Salah satu yang dibahas adalah terkait dengan temuan BPK tentang pembengkakan biaya dalam cost recovery yang mencapai Rp 2,56 triliun. Jokowi berjanji akan langsung menindaklanjuti persoalan tersebut.
"Ada beberapa yang direspons presiden yang pertama soal cost recovery dan itu akan ditindak lanjuti," ungkap Kepala BPK Harry Azhar Aziz dalam konferensi pers di Kantor Presiden, Jakarta, Rabu (5/10/2016).
SCROLL TO CONTINUE WITH CONTENT
"Kami akan mengikuti perkembangan cost recovery, terutama beban yang tidak perlu masuk di dalam yang harus dibayarkan oleh negara," terangnya.

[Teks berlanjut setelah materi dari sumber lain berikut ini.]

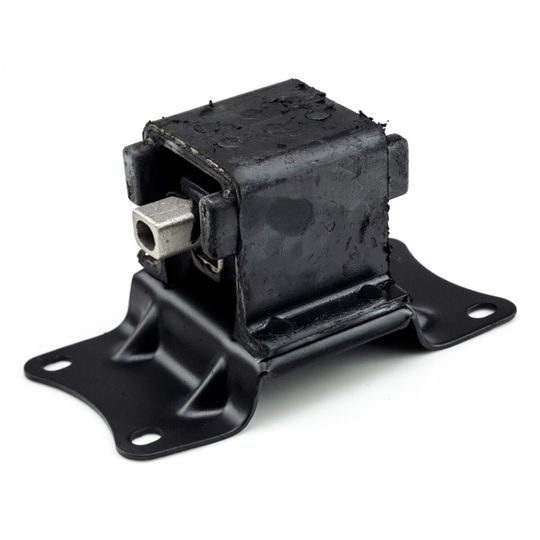 syd-soporte-de-transmision-chrysler-lhs-1993-1997-lhs-0 syd-soporte-de-transmision-chrysler-lhs-1993-1997-lhs-0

BPK juga menyampaikan tentang keuntungan yang didapatkan PT Pertamina (Persero) dari penjualan solar. Dalam temuan BPK, Pertamina mendapatkan keuntungan sebesar Rp 3,19 triliun.
"Ada kebijakan harga khususnya solar turun tetapi pertamina tetap mendapatkan Rp 3,19 triliun dan itu kita minta penetapannya dalam menambah modal negara di Pertamina atau dikembalikan uangnya ke negara," paparnya. (mkl/ang)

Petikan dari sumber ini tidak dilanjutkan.